Episode Details

Michael Bentley (Euler) on Modular Lending (EP.552)
8/15/2024
On The Brink with Castle Island

Key Insights

Bullish:

  • 🟢 $EULER - Explaining the history of Euler, advancements made after a v1 exploit, and the market potential of Euler v2.
    • I think Euler v2, especially, even way more so than Euler v1, allows you to do things in the market that you just simply can't do on any of the protocol today. Or not very easily.” - Michael (0:00)
    • Euler v2 is gonna bring... I think we'll be competing strongly with some of the bigger players in DeFi and traditional DeFi like Aave and up and coming players like Morpho. But there's a whole new world out there as well to explore, as I've said, with some of these big traditional finance players coming online. And I think Euler has an awful lot to offer when it comes to enabling new markets, tokenized real world assets that could help really explore new ground and work with institutions, enable 24-7 markets and trading of more traditional assets on top of the ones that people are used to trading in DeFi.” - Michael (0:00)
    • What made Euler better and what made it attractive?... We had a lot of extra features and cool things that you could do on order in a really efficient and professional manner that are just clunky on other protocols. So you could batch transactions together, for instance, on our UI, which allowed to put on trades natively in the UI. And people were doing this on other calls, but they were typically left to visit somebody else's UI and pay extra fee. Or they would do it on Compound UI, but they do it manually through so called looping where they deposit and borrow and then swap something. So there's lots of funky things happening there, and we made the user experience a lot nicer by taking advantage of this batching functionality that we've built into the protocol. On the UI itself, we just tried to look after people, make sure that they're aware of risks... Then there was additional markets and all of that couldn't be accessed to the protocols. So that's always something that's a good way to take over a market or get a foothold in the market is to provide something that you can't get elsewhere. And Euler v1 was really successful with these liquid staking tokens, staked ETH and cbETH for all these things. People were doing trades at the time, looping staked ETH against ETH. So deposit staked ETH, earning a high interest rate, borrow ETH to pay a lower interest rate, swap it back. And then they build a leverage trade, or a leverage staking position and then a high rate of interest by doing that.” - Michael (0:00)

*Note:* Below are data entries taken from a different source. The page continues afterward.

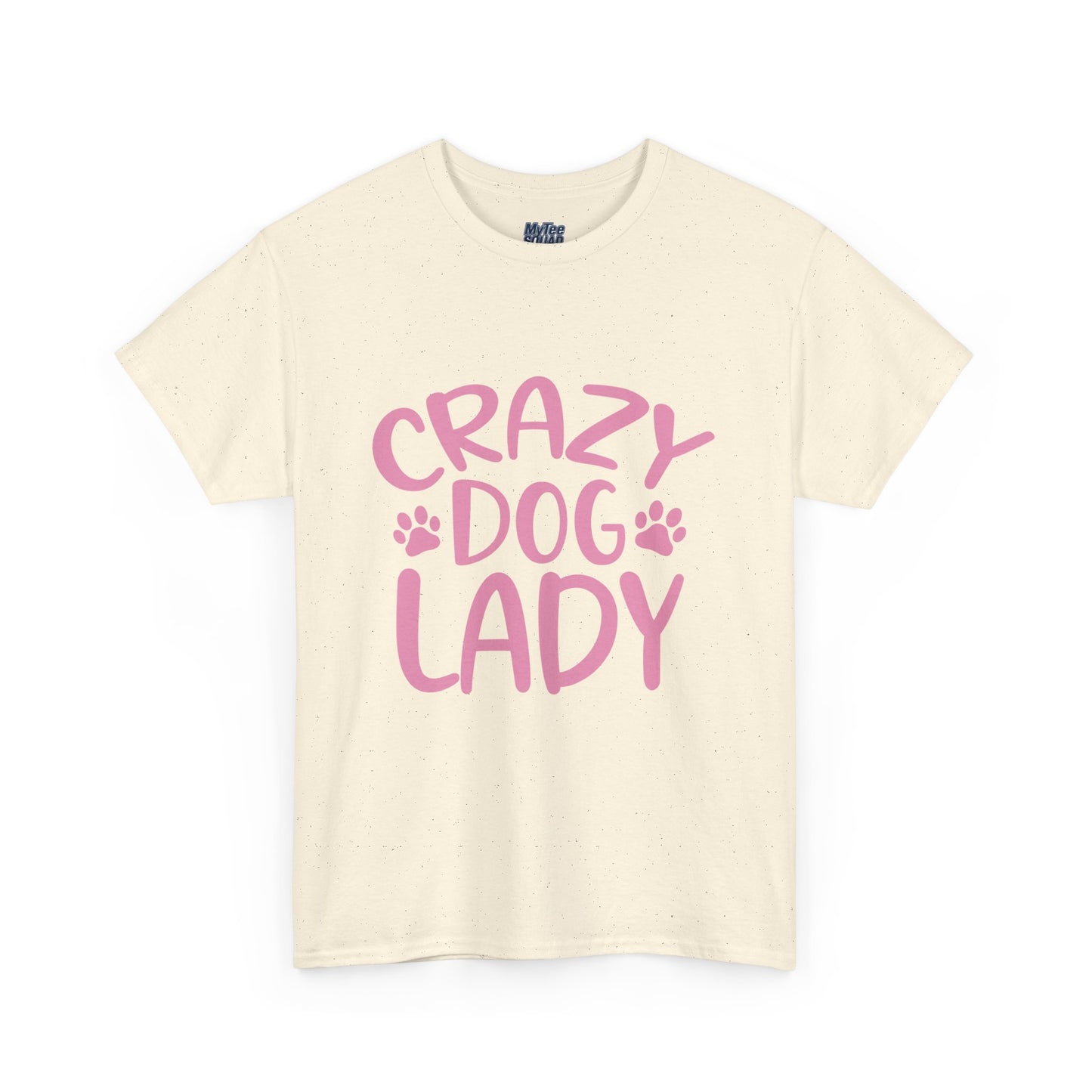 Crazy Dog Lady Heavy Cotton T-Shirt | Best Gift For Dog Mom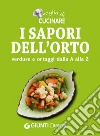 I sapori dell'orto: verdure e ortaggi dalla A alla Z. E-book. Formato PDF ebook di AA. VV.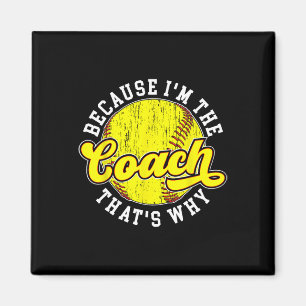 Aimant Parce que je suis le coach Softll Coach Softll Coa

    • So what Euler v2 really does is it allows people to create their own lending and borrowing markets for everything in the middle, essentially... It's this flexible and modular kit. You can build something like Aave if you want, or you can build isolated pairs, but you can also build smaller clusters of 3 or 4 different vaults, essentially, that connect different assets to one another. And with those, you can service whole swathes of the market that aren't currently serviced. Even if you're just focusing on the same assets that we have in DeFi today, you can have riskier or less risky pools of assets than you can find on something like today. And I think that's incredibly valuable, and it's definitely a path to a go to market strategy.” - Michael (0:00)

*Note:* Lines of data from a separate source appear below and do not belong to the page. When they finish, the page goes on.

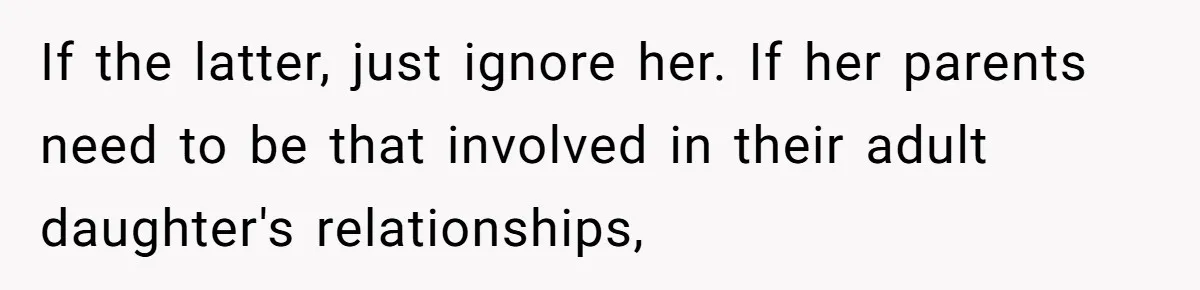 She Ended Their Engagement Over Text, Then Lashed Out When He Calmly Accepted It If the latter, just ignore her. If her parents need to be that involved in their adult daughter's relationships,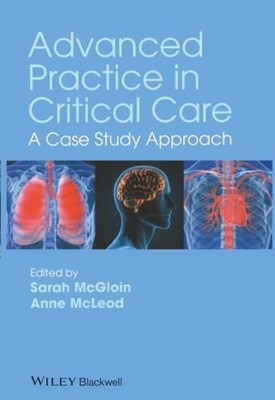 Advanced Practice in Critical Care: A Case Study Approach by Sarah McGloin NEW
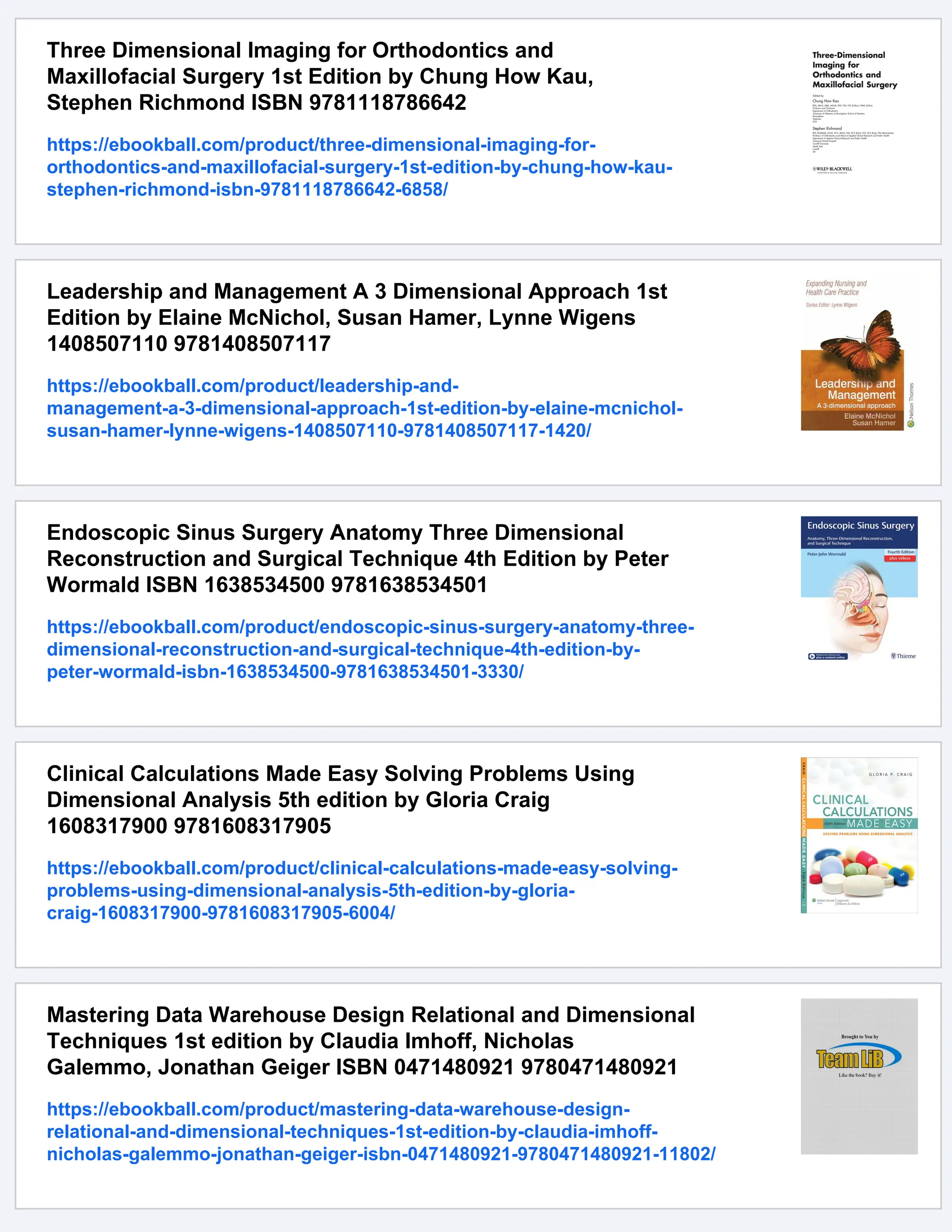 Three Dimensional Imaging for Orthodontics and
Maxillofacial Surgery 1st Edition by Chung How Kau,
Stephen Richmond ISBN 9781118786642
https://ebookball.com/product/three-dimensional-imaging-for-
orthodontics-and-maxillofacial-surgery-1st-edition-by-chung-how-kau-
stephen-richmond-isbn-9781118786642-6858/
Leadership and Management A 3 Dimensional Approach 1st
Edition by Elaine McNichol, Susan Hamer, Lynne Wigens
1408507110 9781408507117
https://ebookball.com/product/leadership-and-
management-a-3-dimensional-approach-1st-edition-by-elaine-mcnichol-
susan-hamer-lynne-wigens-1408507110-9781408507117-1420/
Endoscopic Sinus Surgery Anatomy Three Dimensional
Reconstruction and Surgical Technique 4th Edition by Peter
Wormald ISBN 1638534500 9781638534501
https://ebookball.com/product/endoscopic-sinus-surgery-anatomy-three-
dimensional-reconstruction-and-surgical-technique-4th-edition-by-
peter-wormald-isbn-1638534500-9781638534501-3330/
Clinical Calculations Made Easy Solving Problems Using
Dimensional Analysis 5th edition by Gloria Craig
1608317900 9781608317905
https://ebookball.com/product/clinical-calculations-made-easy-solving-
problems-using-dimensional-analysis-5th-edition-by-gloria-
craig-1608317900-9781608317905-6004/
Mastering Data Warehouse Design Relational and Dimensional
Techniques 1st edition by Claudia Imhoff, Nicholas
Galemmo, Jonathan Geiger ISBN 0471480921 9780471480921
https://ebookball.com/product/mastering-data-warehouse-design-
relational-and-dimensional-techniques-1st-edition-by-claudia-imhoff-
nicholas-galemmo-jonathan-geiger-isbn-0471480921-9780471480921-11802/
 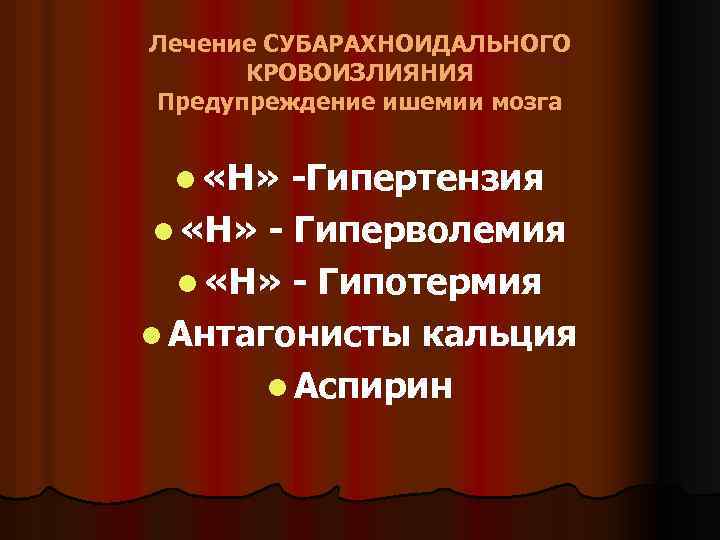 Лечение СУБАРАХНОИДАЛЬНОГО КРОВОИЗЛИЯНИЯ Предупреждение ишемии мозга l «Н» -Гипертензия l «Н» - Гиперволемия l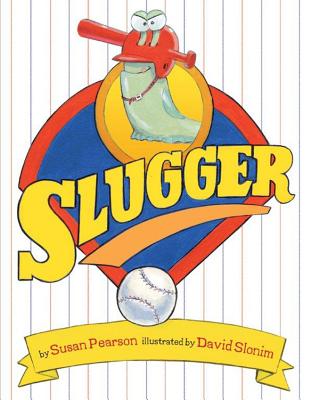 Slugger - Pearson, Susan
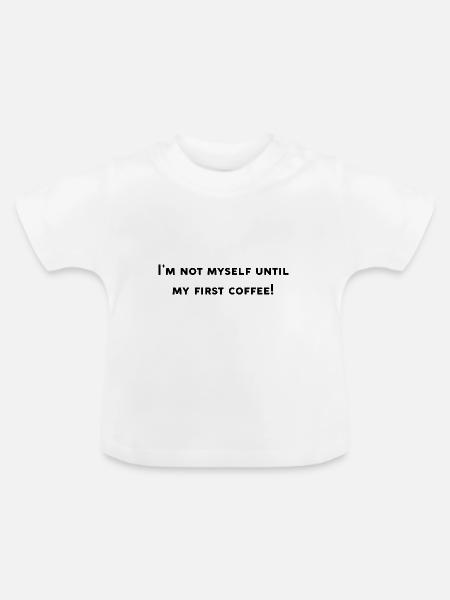 Lustiges Kaffee-Design - Baby Bio-T-Shirt mit Rundhals - Weiß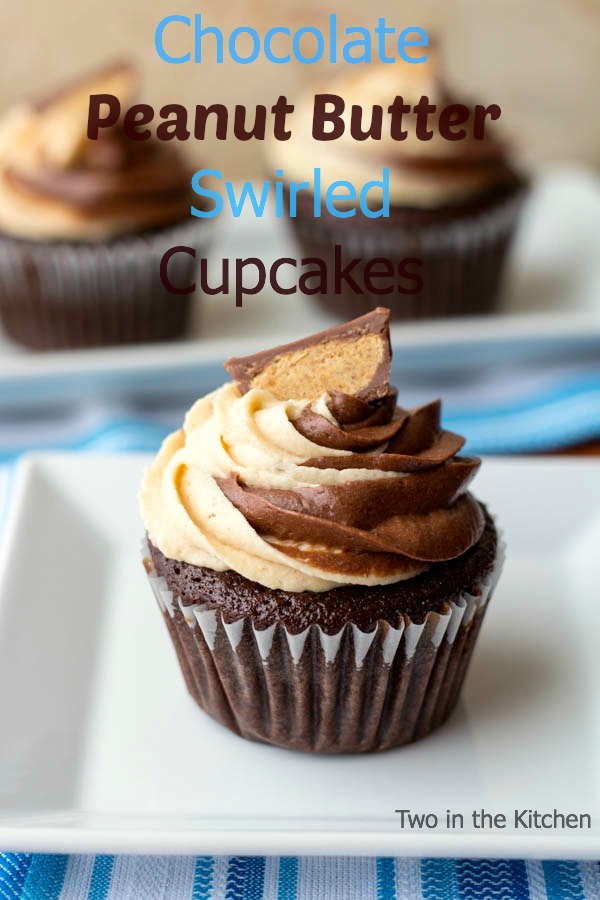 Chocolate and Peanut Butter Swirled Cupcakes  Two in the Kitchen v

    • Euler v2... we've had I'm not quite sure how many audits. It might be, like, 11 different audits now that the total of audits is approaching 30 when you consider all the different contracts.” - Michael (0:00)

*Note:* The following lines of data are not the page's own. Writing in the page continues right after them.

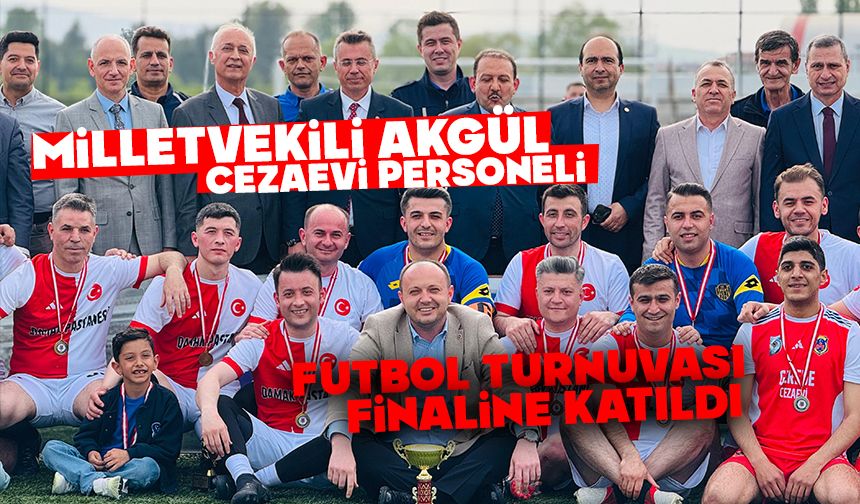 Milletvekili İsmail Akgül, Cezaevi Personeli Futbol Turnuvası Finaline Katıldı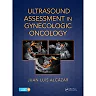 Ultrasound Assessment in Gynecologic Oncology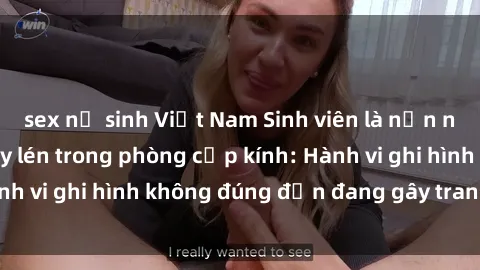 sex nữ sinh Việt Nam Sinh viên là nạn nhân của video quay lén trong phòng cấp kính: Hành vi ghi hình không đúng đắn đang gây tranh cãi lớn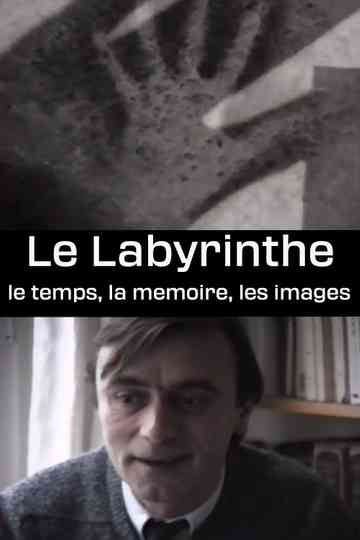 Le Labyrinthe  le temps la memoire les images Poster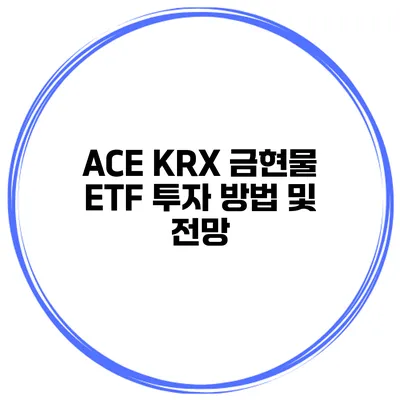 ACE KRX 금현물 ETF 투자 방법 및 전망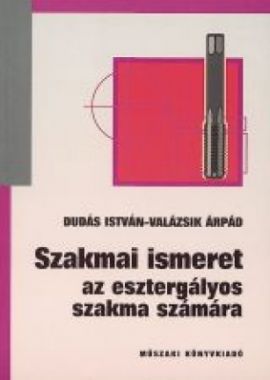 Szakmai ismeret az esztergályos szakma számára 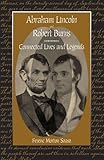 Abraham Lincoln and Robert Burns: Connected Lives and Legends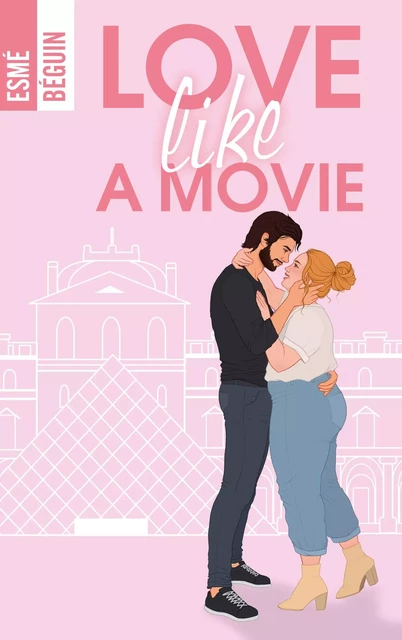 Love like a movie - Esmé Béguin - BMR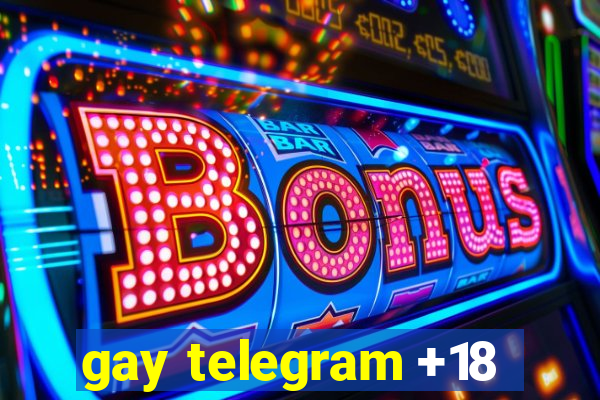 gay telegram +18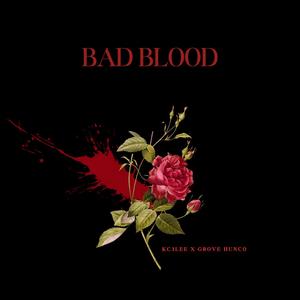 BAD BLOOD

    • For anyone that wants to read the full thing, I wrote this blog post called War and Peace that details what happened. But in short, Euler v1 was a really, really heavily audited protocol. Everyone knew that as a team, we took security incredibly seriously. And as part of that process, it had this unified bug bounty. I think it was the largest bug bounty of any lending protocol out there of its time. And one day, the bug report came in saying that there was this issue. So we looked at the issue and it wasn't massive, but it was one of those. In a very rare circumstance, someone might be able to lose some money. So it's considered a bug that's something that should be fixed. So we developed a fix and took it to the auditors, how they audited and patched the bug. And over a year later, it turned out that that small bug fix had introduced a much larger bug. So in the end, what happened with Euler was around $200M worth of assets were stolen.” - Michael (0:00)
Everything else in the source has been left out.